Here is the story in brief — for anyone who does not already know it.
Founded in 1878
Ipswich was initially founded as an amateur team in 1878. In 1888, they merged with Ipswich Rugby Club to form Ipswich Town Football Club. In 1936, they turned professional.
That is nearly 150 years of football history in Suffolk.
A Club That Has Won at the Very Top
Ipswich is not a club that has simply existed in the lower leagues. They have genuinely competed at the highest level.
Under Alf Ramsey in 1961-62, they won the First Division title in just their second season in the top flight. Under Bobby Robson in 1978, they won the FA Cup. Under Robson again in 1981, they lifted the UEFA Cup — one of the greatest achievements in the club’s history.
Those are not small things. Those are trophy-winning moments that rival anything any Premier League club has produced in recent decades.
The Long Wait and the Return
After years of decline — from the Premier League to the Championship to League One — Ipswich’s recent resurgence under McKenna has felt like a proper restoration of a sleeping giant.
They came back to the Premier League in 2024-25. It did not work out. They went down. They came straight back up.
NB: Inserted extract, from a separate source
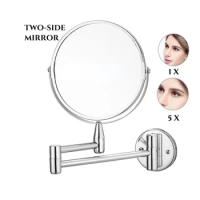 Folding Telescopic Wall-Mounted Beauty Mirror, Double-sided, 8",Punch Free, 5x Amplify, Bathroom Mirror, 7" Makeup Mirror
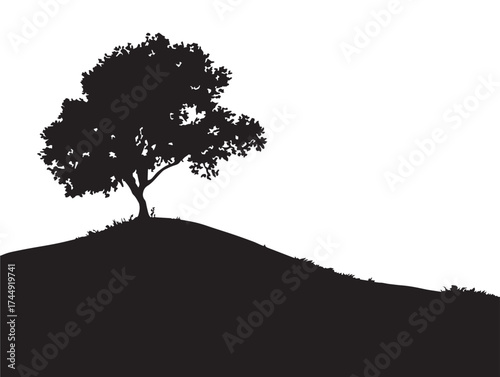Tree Silhouette On Hilltop Under Warm Evening Glow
Now they return with experience, with a young squad that knows what the top flight demands, and with a manager who has earned the right to prove himself at this level for a second time.
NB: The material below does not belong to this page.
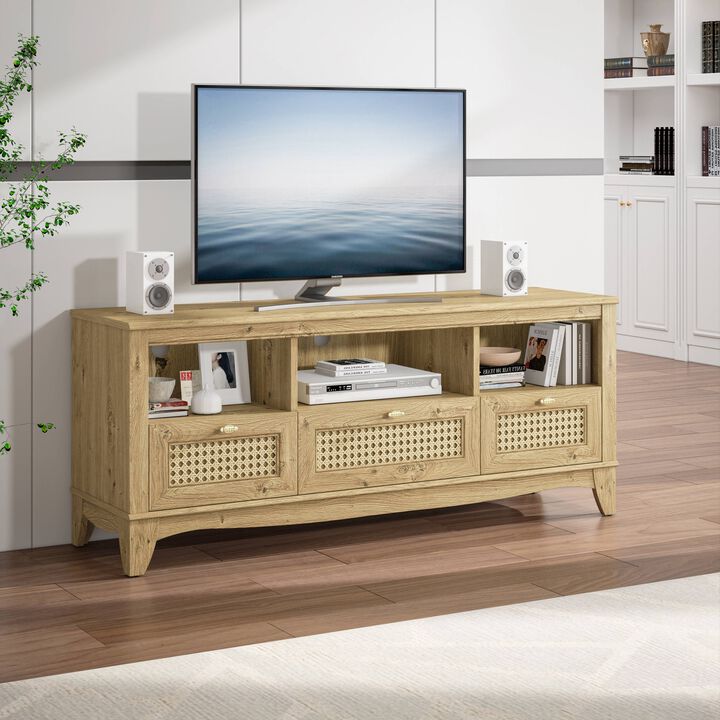 FESTIVO 55" TV Stand with Wicker Door Design for TVs up to 65"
Portman Road — A Proper Ground
Portman Road holds approximately 31,000 supporters. The highest home attendance last season was 29,809 — for the Championship match against Norwich City in October.
It is a tight, atmospheric ground. The kind of place where Premier League visiting teams know they will face something different from a large, bowl-shaped modern stadium. On a cold Tuesday night in November, with Portman Road in full voice, it will be special.
The Ed Sheeran Connection
Ipswich’s celebrity fan and minority owner Ed Sheeran will be delighted — and you can guarantee he will be shown early and often on TV screens throughout the 2026-27 Premier League season.
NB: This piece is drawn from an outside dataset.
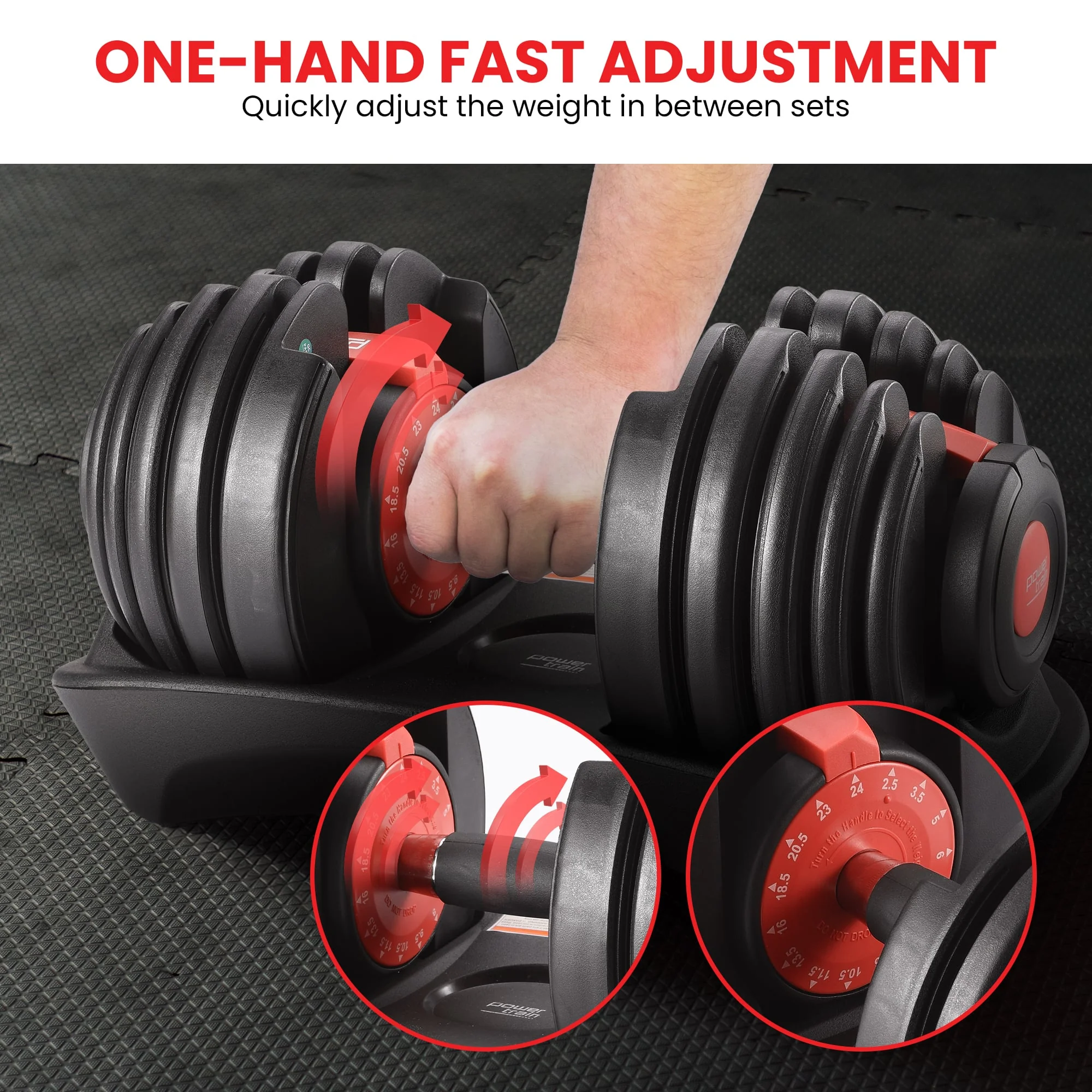 Powertrain Adjustable Dumbbells Set Home Gym Exercise Free Weights 48kg with Stand (Red) - Image 5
Sheeran — born in Halifax but raised in Framlingham, Suffolk — has been a lifelong Ipswich supporter and has invested in the club as a minority owner in recent years. His passion for the club is genuine, his investment is real, and his worldwide profile means Ipswich gets a level of exposure that most Championship clubs could only dream of.
When Ipswich are on TV in the Premier League next season, the camera will find Sheeran in the stand at some point. It always does.
The 2025-26 Championship Season — Key Stats
| Stat | Detail |
|---|---|
| Final position | 2nd — promoted automatically |
| Points total | Enough to finish one point above Millwall |
| Top goalscorer | Jack Clarke — 16 goals |
| Biggest win | 5-0 vs Sheffield United (Philogene hat-trick) |
| Biggest defeat | 0-3 vs Charlton Athletic |
| Average home attendance | 28,303 |
| Best home crowd | 29,809 vs Norwich City |
| Losses in 2026 | Just 3 |
| Final day result | Ipswich 3-0 QPR |
| Goals on promotion day | Hirst, Philogene, McAteer |
What Can Ipswich Expect in the Premier League?
The honest answer? This second stint in the top flight should be better than the first.
Here is why.
They have experience now. The players and manager know what Premier League football demands. Last time, everything was new. This time, the lessons from 2024-25 have been absorbed.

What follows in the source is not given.